++++ Data provided

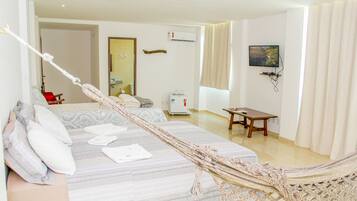 A hotel room with a bed, a hammock, a desk, a chair, a television, and a window with curtains.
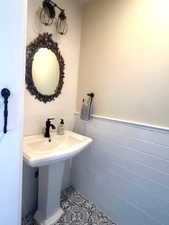 Bathroom featuring tile patterned flooring, tile walls, and a wainscoted wall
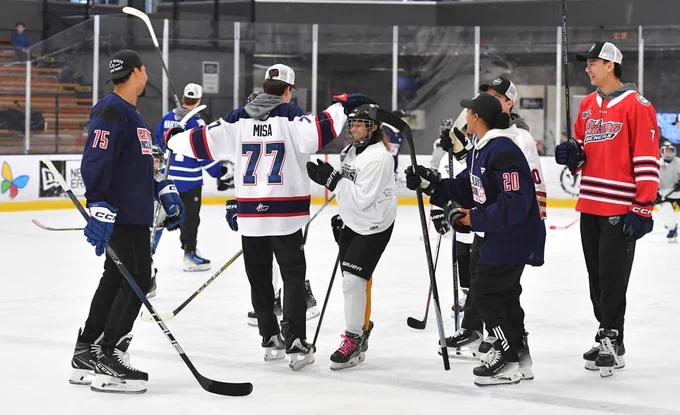 Photo of Michael Misa and Simon Wang celebrating with a kid with other skaters around him on ice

++++++++

#### Work to be completed:
Write out only the lines from the line containing "Bathroom featuring tile" through the end of the material above, both end lines included. Pictures are not written out.

#### Response below:
 Bathroom featuring tile patterned flooring, tile walls, and a wainscoted wall
 Photo of Michael Misa and Simon Wang celebrating with a kid with other skaters around him on ice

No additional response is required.